Vol..147/2010/4
「黄色やら、赤やら、ピンクやら」

 私自身、タイを専門に取材しているわけではなので、これらの詳細を十分に把握している訳ではない。もっともタイには過去18年繰り返し訪れているので、否が応でもこの国の動きを目の当たりにし、社会の大まかな動向ぐらいはカバーしている。タクシン氏の在任中、タイ経済は貧富の差は広がりつつも、驚くほど進展した(ように私には思える)。経済的に国民全般的な底上げはあったのは確かである。

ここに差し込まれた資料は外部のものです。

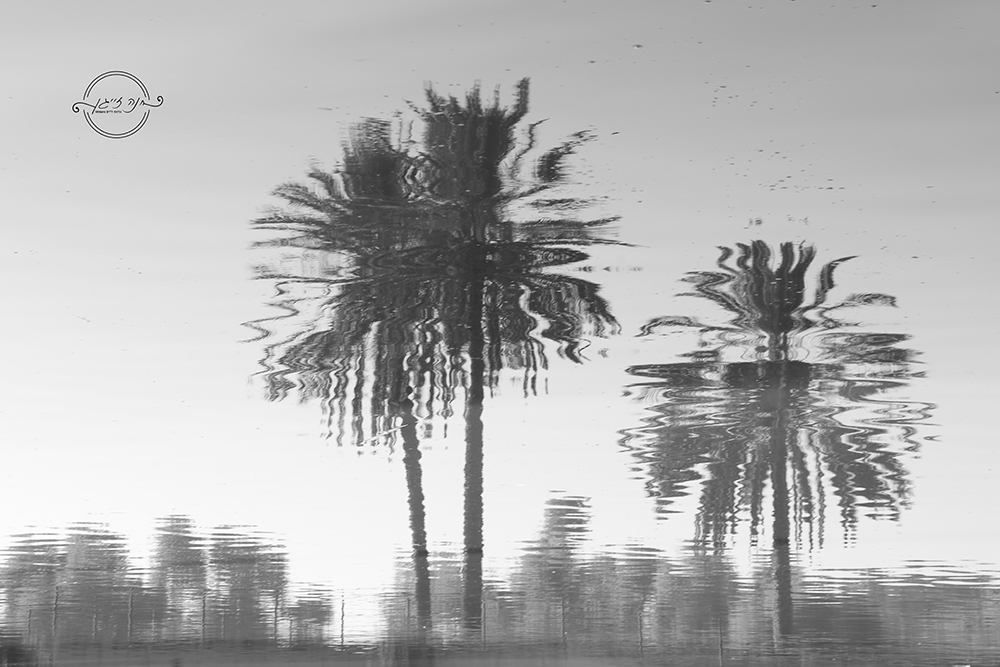 IMG_7297אתגר מוקטן.jpg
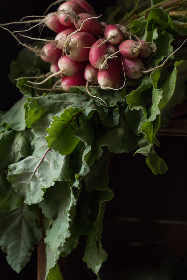 畅享日本电影：动漫在线免费观看平台推荐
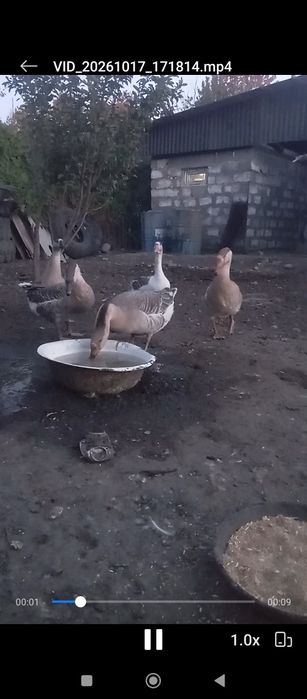 Продам гусей пятимесячные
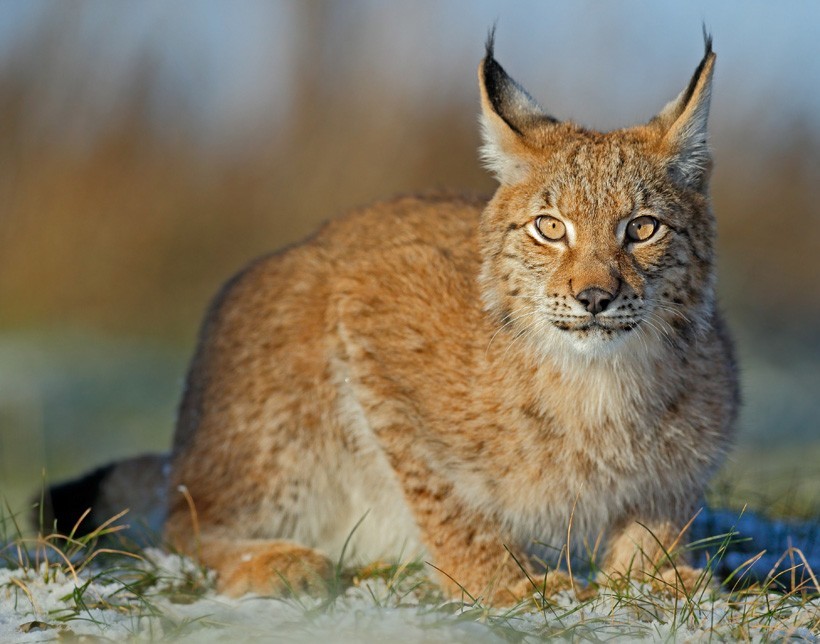 Eurasian lynx sitting and staring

 「タイ北部チェンマイ出身のタクシン氏は首相在任中、北部や東北部の貧しい農村に手厚い補助金を出した。この恩恵を受けた農民や貧困層がタクシン派の主力で、経済成長の恩恵を受けてきた都市中間層や富裕層が主体の反タクシン派との対立には、<階級闘争>の側面がある。外交筋は<政府が対応を誤れば、タイは大きな混乱に陥りかねない>と懸念を深めている(毎日新聞)」。

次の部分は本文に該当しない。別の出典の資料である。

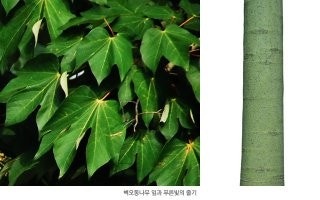 벽오동 이미지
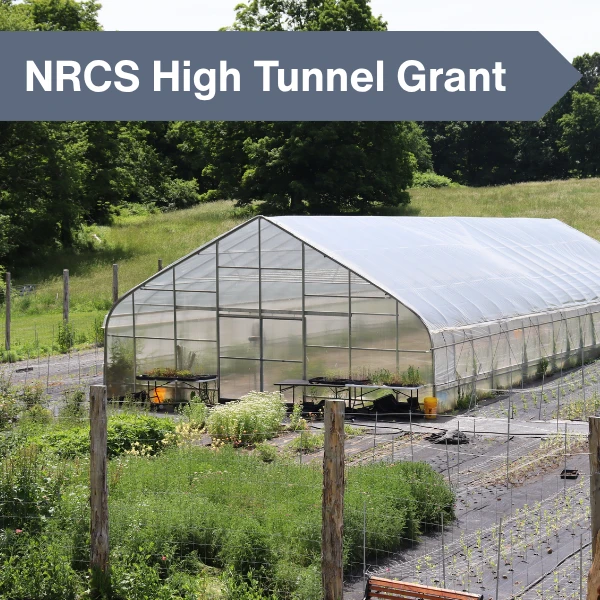 NRCS High Tunnel Grant: The Complete Guide for Growers (2026)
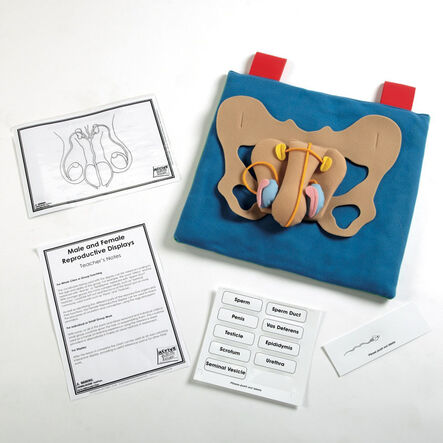 Reproductive Organ Display Vests  hi\-res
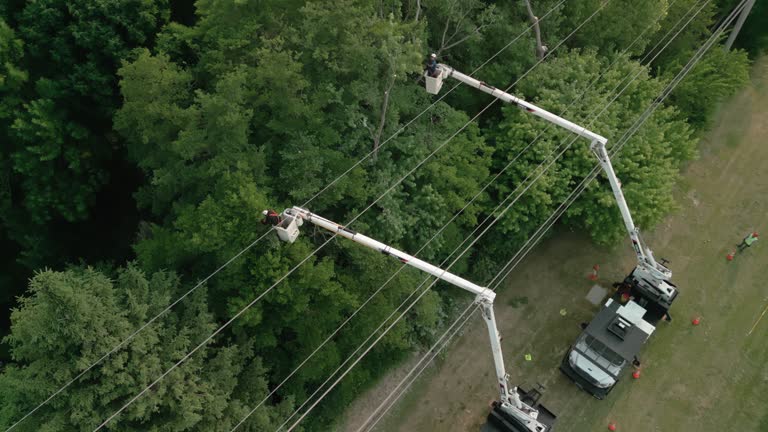 Best Emergency Tree Removal  in Lamont, CA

 タイに30年近く住む知人に、タクシン氏の動向についてチラッと話を聞いたことがある。その知人によると「タクシン氏は、経済と政治の改革を推し進めながら自らの手法に自信をもち、やがてタイでは触れてはいけない事柄 ─王室─ のことにも手をつけようとしてしまったのだ。そこに彼の奢りと判断ミスがあり、国外に逃亡せざるを得なくなった」という。

 
バンコクで最大の商業地区を占拠した赤シャツデモは、自らも自警部隊を展開させる。そんな彼らの姿をバンコク市民が記念撮影する。

4月3日突然、バンコクの中心街の道路を占拠した赤シャツデモ。その情報を知らなかった外国人たちは、空港へ向かう車を手配できずに右往左往していた。